## Hacker News Data Analysis

### Overview of the project
[Hacker News](https://news.ycombinator.com) is a popular site in tech and startup circles, where user posts are voted and comented upon. It was started by the startup incubator Y Combinator. In this project, we will dig into a sample dataset and hopefully find out some interesting results.


### Datasets
This project has used only approximately 20,000 rows and 8 columns of records randomly sampled which had received comments. 

In [10]:
from csv import reader
opened_file = open("/Users/Ming/jupyter/p_apps/HN_posts_year_to_Sep_26_2016.csv")
read_file = reader(opened_file)
data_all = list(read_file)
headers = data_all[0]
hn = data_all[1:]

In [11]:
from pprint import pprint
pprint(headers)
pprint(hn[:1])

['id', 'title', 'url', 'num_points', 'num_comments', 'author', 'created_at']
[['12579008',
  'You have two days to comment if you want stem cells to be classified as '
  'your own',
  'http://www.regulations.gov/document?D=FDA-2015-D-3719-0018',
  '1',
  '0',
  'altstar',
  '9/26/2016 3:26']]


In [17]:
# separate ask and show posts from other posts into diff lists.
ask_posts, show_posts, other_posts = [], [], []
for row in hn:
    title = row[1]
    if title.lower().startswith("ask hn"):
        ask_posts.append(row)
    elif title.lower().startswith("show hn"):
        show_posts.append(row)
    else:
        other_posts.append(row)

print(len(ask_posts),len(show_posts),len(other_posts))

9139 10158 273822


In [18]:
print(ask_posts[:10])


[['12578908', 'Ask HN: What TLD do you use for local development?', '', '4', '7', 'Sevrene', '9/26/2016 2:53'], ['12578522', 'Ask HN: How do you pass on your work when you die?', '', '6', '3', 'PascLeRasc', '9/26/2016 1:17'], ['12577908', 'Ask HN: How a DNS problem can be limited to a geographic region?', '', '1', '0', 'kuon', '9/25/2016 22:57'], ['12577870', 'Ask HN: Why join a fund when you can be an angel?', '', '1', '3', 'anthony_james', '9/25/2016 22:48'], ['12577647', 'Ask HN: Someone uses stock trading as passive income?', '', '5', '2', '00taffe', '9/25/2016 21:50'], ['12576946', 'Ask HN: How hard would it be to make a cheap, hackable phone?', '', '2', '1', 'hkt', '9/25/2016 19:30'], ['12576899', 'Ask HN: What is that one deciding factor that makes a website successful?', '', '22', '22', 'ziggystardust', '9/25/2016 19:22'], ['12576398', 'Ask HN: Is the world really short of software developers?', '', '2', '3', 'chirau', '9/25/2016 17:55'], ['12575803', 'Ask HN: Geolocalized publ

In [21]:
# find the number of comments for ask and show posts
total_ask_comments, total_show_comments = 0, 0
for row in ask_posts:
    num_comments = int(row[4])
    total_ask_comments += num_comments
for row in show_posts:
    total_show_comments += int(row[4])  
avg_ask_comments = total_ask_comments/len(ask_posts)
avg_show_comments = total_show_comments/len(show_posts)
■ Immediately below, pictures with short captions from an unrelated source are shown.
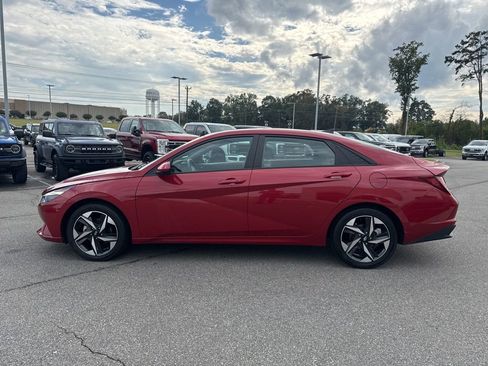 Used 2023 Hyundai Elantra SEL w/ Convenience Package image 6
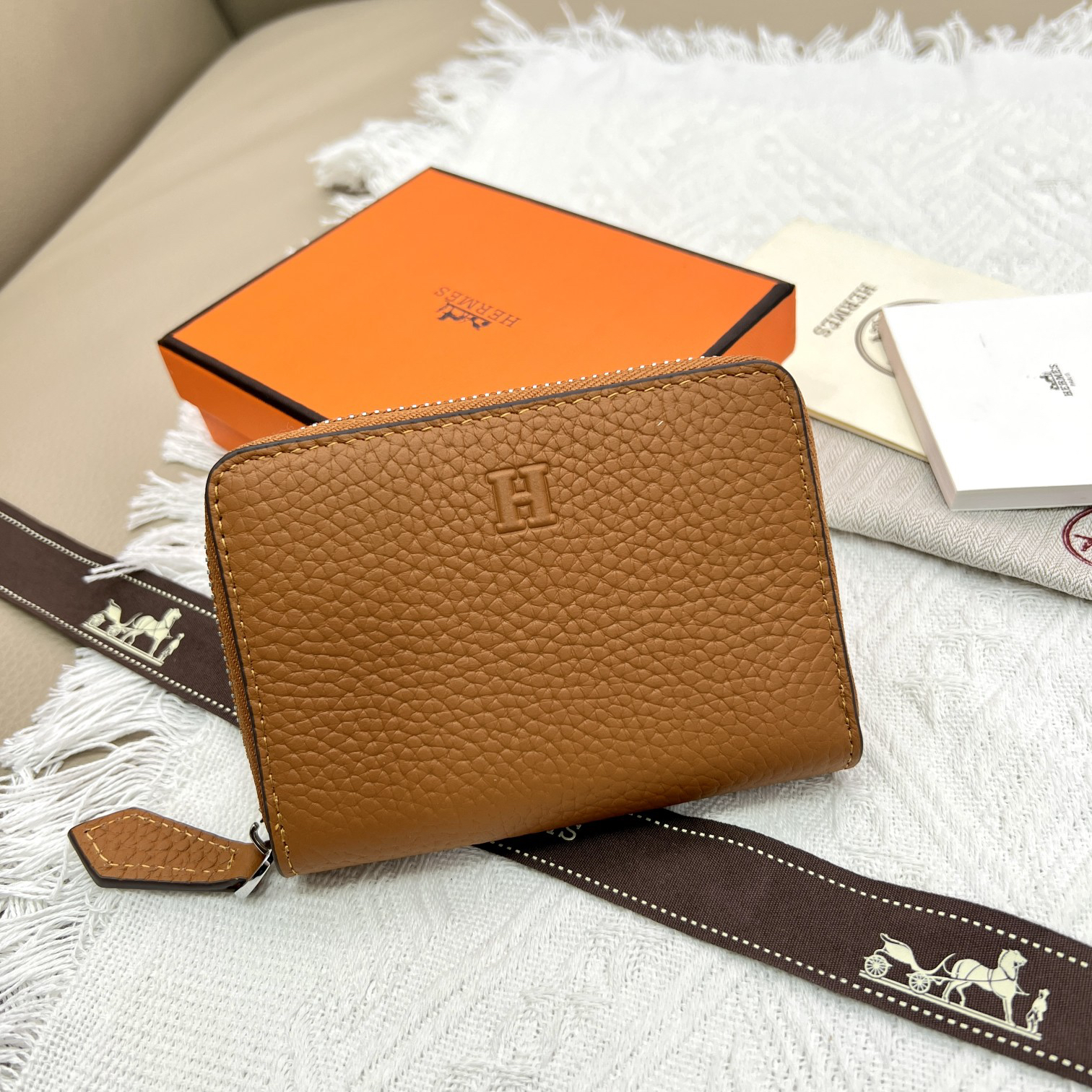 Hermès Constance Togo Leather Wallet - Image 2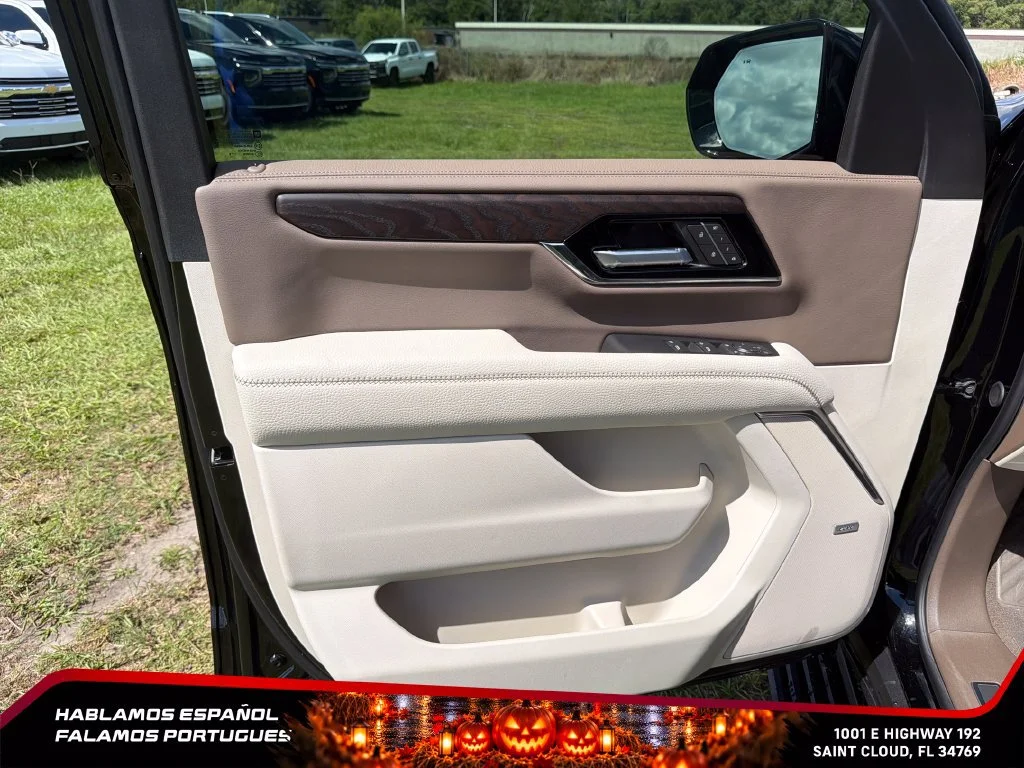 2026 GMC Yukon XL Denali - Photo 12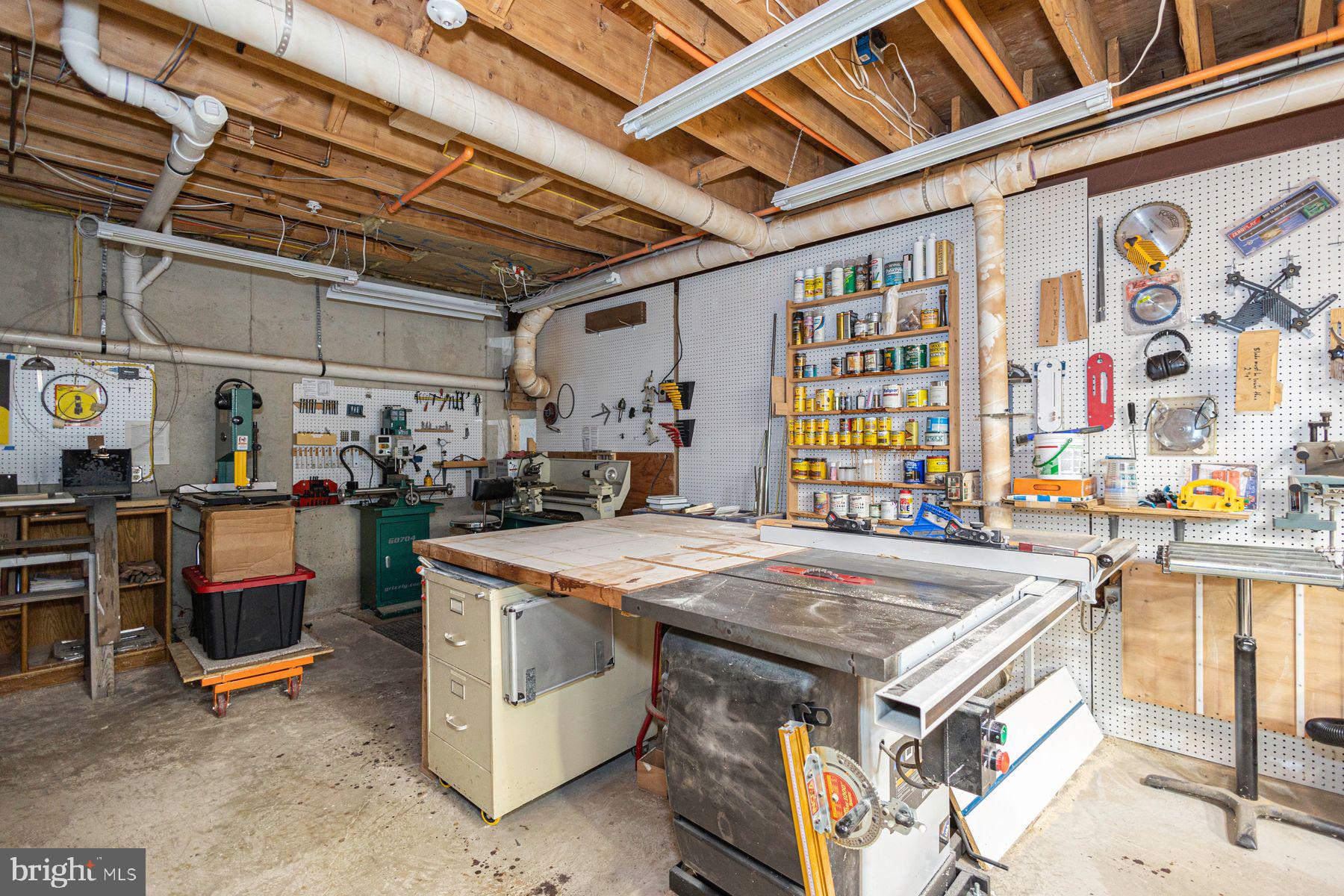 5311 MOUNTAIN TOP ROAD E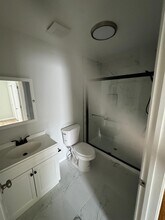 74 Kenmore Ave, Unit #1 in Newark, NJ - Foto de edificio - Building Photo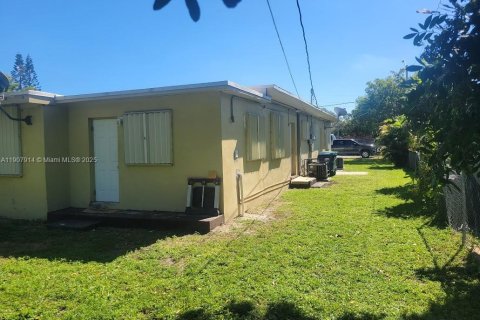 Immobilier commercial à vendre à Miami, Floride: 111.39 m2 № 1967713 - photo 4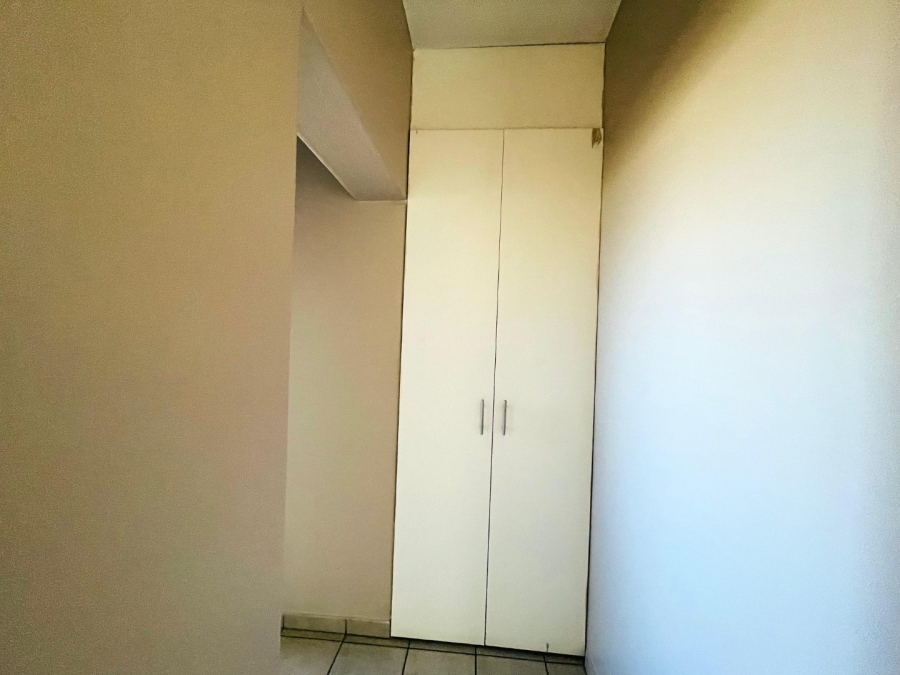 2 Bedroom Property for Sale in Groblerpark Gauteng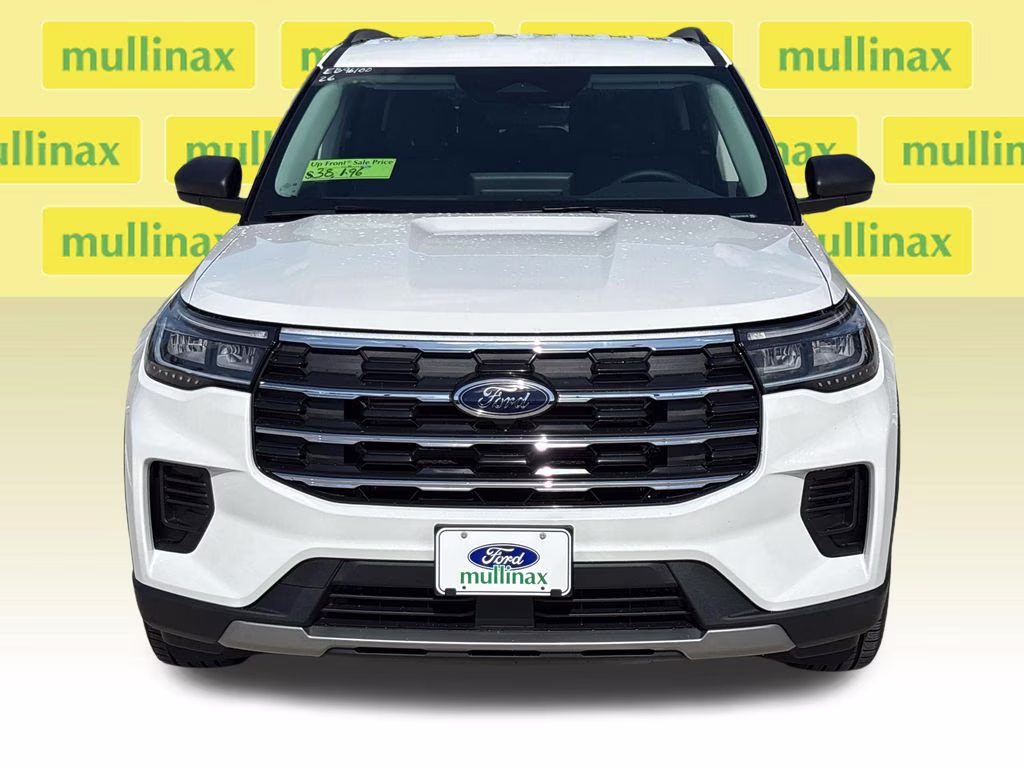 2026 Star White Metallic Tri-Coat Ford Explorer Active RWD SUV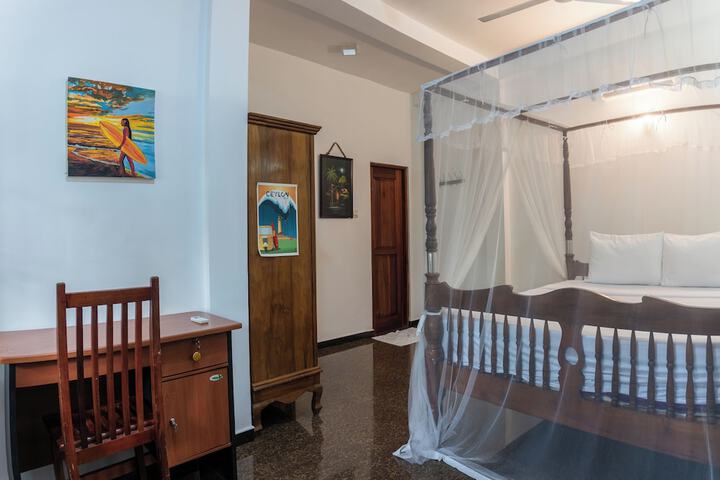 Room 14 of 38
print(f"Ask comments receive {avg_ask_comments} comments on average.")
print(f"Show comments receive {avg_show_comments} comments on average.")
    

Ask comments receive 10.393478498741656 comments on average.
Show comments receive 4.886099625910612 comments on average.


### Analysis on number of comments

The average number of comments for ask posts is more than twice that of show post. This result is expected since the ask posts were aimed to getting an answer therefore receiving more comments.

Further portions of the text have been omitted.